Cepte taşınan resim defterleri

Bu da benim Montmartre'da
çektiğim bir fotoğraf
Sanatçı ruhlu insanlar hayata farklı baktıkları için biraz uçuk kaçık tipler oluyor genelde. Toplum içinde dışlanırım korkusu olmadan düşüncelerini ifade edebilme özgürlüğüne erişmiş, kendilerini sınırlandırmaları gerekmediğine inanan insanlar olarak yaşıyorlar. 1900 'lerin Fransa'sında yaşamış olsaydım daha net ifade edebilirdim belki... Ancak Picasso'ların  resim yaptığı bir süre hayatını geçirdiği Montmartre bölgesine yaptığım küçük ziyaret sırasında fark ettim; içinde yaratma isteği bulunan insanların hangi ülkede yaşadıkları pek fark etmiyor. Hepsi her an her yerde çizilmeyi bekleyen bir resim, söylenmesi gereken bir şarkı yada çalınması gereken bir enstrüman varmış gibi davranıyorlar. Ben Arşi Olcay sayesinde işin daha çok "çizilmesi gereken"leriyle ilgilendim. Daha doğrusu o, şimdi yazılması gerekenlerle ilgilenmemi sağladı. Elinde gezdirdiği küçük resim defterini her daim cebinde taşıdı ve o çizilmesi gereken resimleri hep bir yerlerde aradı ve buldu. Yürüyüşe çıkmak, arabayla uzun bir yola gitmek yada yemek yemek üzere evden çıkmak. Hiç fark etmezdi ona çünkü o, yolda yürürken karşısına çıkan güzel bir çiçeğin, yemek yerken tabağında oluşan lekelerin yada arabayla gezerken önüne aniden çıkan denizin resmini çizebilmek için yanında o defteri mutlaka taşırdı. Sanki her anı not etmek istiyor gibiydi. Çocukken çok garip gelirdi bu bana. Düşünsenize siz keyifle önünüzdeki Nutellalı ekmeği yemeye çalışıyorken dedeniz (aynı şekilde Nutellalı ekmeği çok severdi.) tabağındaki ekmeğin resmini yapmaya çalışıyor. Reçelleri ekmeğin üzerine aynı titizlikle sürerdi sonra da 'bak aynı tablo gibi oldu' derdi.

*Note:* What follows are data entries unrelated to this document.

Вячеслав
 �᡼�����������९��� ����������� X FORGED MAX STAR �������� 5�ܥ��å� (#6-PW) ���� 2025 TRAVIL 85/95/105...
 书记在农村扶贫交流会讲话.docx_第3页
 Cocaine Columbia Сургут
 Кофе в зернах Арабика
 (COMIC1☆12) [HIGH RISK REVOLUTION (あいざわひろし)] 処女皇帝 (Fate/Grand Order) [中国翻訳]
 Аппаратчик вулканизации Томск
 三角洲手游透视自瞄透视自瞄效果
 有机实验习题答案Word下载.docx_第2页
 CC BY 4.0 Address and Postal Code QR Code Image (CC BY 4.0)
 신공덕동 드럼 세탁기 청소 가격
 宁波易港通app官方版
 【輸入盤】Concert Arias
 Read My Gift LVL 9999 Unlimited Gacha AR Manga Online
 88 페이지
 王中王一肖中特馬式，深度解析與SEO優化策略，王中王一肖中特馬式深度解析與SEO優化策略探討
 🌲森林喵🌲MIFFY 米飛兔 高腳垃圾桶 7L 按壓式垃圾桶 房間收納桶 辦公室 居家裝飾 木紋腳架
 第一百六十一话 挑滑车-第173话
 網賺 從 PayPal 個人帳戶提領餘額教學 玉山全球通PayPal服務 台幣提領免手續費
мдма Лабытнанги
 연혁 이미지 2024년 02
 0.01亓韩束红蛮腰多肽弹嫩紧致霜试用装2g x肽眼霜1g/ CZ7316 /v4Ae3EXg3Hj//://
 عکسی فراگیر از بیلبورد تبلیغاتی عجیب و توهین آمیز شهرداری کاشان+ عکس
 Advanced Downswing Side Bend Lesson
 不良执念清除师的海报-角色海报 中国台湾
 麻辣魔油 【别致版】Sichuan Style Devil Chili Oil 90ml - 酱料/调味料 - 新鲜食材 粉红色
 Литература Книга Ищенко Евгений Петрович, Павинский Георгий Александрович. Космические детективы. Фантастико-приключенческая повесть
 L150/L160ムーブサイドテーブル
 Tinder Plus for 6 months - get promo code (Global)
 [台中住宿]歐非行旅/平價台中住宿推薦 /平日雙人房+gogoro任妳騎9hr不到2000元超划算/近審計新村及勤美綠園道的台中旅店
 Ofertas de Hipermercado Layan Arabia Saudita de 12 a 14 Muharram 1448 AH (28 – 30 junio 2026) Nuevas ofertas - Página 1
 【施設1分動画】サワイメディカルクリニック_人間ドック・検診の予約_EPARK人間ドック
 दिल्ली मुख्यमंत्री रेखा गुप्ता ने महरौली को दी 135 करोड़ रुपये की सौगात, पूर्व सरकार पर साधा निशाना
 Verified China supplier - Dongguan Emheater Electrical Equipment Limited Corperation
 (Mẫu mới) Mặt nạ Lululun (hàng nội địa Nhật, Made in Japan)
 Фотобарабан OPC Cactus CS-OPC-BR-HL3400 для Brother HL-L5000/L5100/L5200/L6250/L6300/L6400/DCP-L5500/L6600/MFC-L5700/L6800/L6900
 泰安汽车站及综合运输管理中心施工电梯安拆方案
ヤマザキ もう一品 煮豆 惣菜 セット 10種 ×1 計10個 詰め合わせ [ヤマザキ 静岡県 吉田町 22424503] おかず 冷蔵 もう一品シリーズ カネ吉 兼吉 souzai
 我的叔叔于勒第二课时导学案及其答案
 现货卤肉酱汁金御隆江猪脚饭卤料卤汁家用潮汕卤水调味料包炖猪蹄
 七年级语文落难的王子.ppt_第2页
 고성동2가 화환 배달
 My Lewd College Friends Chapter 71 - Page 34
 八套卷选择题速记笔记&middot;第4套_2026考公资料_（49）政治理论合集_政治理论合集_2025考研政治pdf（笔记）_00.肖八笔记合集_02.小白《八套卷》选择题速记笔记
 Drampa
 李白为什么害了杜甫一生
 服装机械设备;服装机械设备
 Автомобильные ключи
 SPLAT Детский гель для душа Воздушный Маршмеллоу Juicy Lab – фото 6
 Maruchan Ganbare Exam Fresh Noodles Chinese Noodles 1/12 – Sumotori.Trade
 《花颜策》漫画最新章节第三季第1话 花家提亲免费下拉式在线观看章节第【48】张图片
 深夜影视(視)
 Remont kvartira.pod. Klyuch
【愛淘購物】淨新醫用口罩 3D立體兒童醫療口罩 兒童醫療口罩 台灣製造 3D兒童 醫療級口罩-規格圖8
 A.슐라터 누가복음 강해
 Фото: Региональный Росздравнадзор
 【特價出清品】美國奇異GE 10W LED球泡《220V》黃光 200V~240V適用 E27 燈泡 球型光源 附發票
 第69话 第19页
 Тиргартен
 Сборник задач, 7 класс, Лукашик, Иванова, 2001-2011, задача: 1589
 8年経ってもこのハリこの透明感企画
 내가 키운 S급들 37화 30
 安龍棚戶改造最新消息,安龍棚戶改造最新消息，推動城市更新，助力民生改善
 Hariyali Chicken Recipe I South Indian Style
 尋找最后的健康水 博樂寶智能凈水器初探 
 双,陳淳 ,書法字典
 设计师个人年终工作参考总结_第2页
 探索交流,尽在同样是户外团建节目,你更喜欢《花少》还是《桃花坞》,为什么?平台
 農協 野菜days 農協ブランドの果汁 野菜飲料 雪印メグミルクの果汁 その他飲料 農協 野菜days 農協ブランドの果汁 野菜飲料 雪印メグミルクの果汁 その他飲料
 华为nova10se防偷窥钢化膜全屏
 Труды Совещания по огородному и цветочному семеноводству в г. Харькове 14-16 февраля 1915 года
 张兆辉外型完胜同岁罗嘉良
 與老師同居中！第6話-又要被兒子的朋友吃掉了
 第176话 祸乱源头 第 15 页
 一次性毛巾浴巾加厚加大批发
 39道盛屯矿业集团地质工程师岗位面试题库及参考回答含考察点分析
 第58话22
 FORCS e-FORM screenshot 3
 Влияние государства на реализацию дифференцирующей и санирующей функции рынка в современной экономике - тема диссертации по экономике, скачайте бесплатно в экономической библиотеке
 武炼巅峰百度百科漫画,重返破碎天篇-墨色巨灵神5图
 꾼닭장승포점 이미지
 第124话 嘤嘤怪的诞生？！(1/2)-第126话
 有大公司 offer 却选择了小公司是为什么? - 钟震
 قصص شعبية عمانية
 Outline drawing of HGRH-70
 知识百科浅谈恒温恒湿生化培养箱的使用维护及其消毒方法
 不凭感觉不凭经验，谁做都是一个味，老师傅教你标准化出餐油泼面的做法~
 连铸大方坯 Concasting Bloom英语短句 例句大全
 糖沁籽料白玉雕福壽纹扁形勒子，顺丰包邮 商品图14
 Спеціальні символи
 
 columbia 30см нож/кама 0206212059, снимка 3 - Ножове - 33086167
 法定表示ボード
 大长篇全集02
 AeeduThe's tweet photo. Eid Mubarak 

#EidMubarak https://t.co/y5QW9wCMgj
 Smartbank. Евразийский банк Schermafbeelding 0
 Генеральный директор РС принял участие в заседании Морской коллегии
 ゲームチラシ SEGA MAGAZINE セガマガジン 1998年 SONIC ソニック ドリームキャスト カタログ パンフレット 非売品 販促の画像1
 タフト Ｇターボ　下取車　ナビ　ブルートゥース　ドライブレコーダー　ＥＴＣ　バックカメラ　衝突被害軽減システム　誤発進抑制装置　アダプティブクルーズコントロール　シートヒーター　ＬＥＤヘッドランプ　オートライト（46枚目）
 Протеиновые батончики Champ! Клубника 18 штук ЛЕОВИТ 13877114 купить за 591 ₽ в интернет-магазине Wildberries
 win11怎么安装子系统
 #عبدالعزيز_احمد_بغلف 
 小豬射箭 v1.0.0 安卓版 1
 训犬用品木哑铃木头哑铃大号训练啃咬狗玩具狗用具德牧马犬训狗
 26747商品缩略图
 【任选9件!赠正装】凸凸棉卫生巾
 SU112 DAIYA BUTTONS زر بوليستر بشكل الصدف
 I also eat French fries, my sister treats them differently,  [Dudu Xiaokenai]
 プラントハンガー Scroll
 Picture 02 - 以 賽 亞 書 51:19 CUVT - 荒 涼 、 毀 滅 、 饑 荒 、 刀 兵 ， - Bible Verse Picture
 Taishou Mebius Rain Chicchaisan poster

 Bu lafı çok fazla duydum. Sonra o ressamlar tepesi olarak anılan Montmartre'a gittiğimde aynı heyecanı Fransız ressamlarda da gördüm. Bir ressam önüne aldığı bir çiçeği resmetmeye çalışıyor, başka biri hayalindeki bir insanı çiziyor... Bu arada o bölge gittiğim en keyifli yerlerden biriydi. Yolda durdurup resminizi yapmak için can atan bu kadar çok ressamı bir arada başka yerde bulmanız imkansız. Gitmek görmek keşfetmek insana ayrı bir bakış açısı sunuyor. Anneannem ve dedemin hayatından öğrendiğim en keyifli bilgilerden biri kesinlikle budur.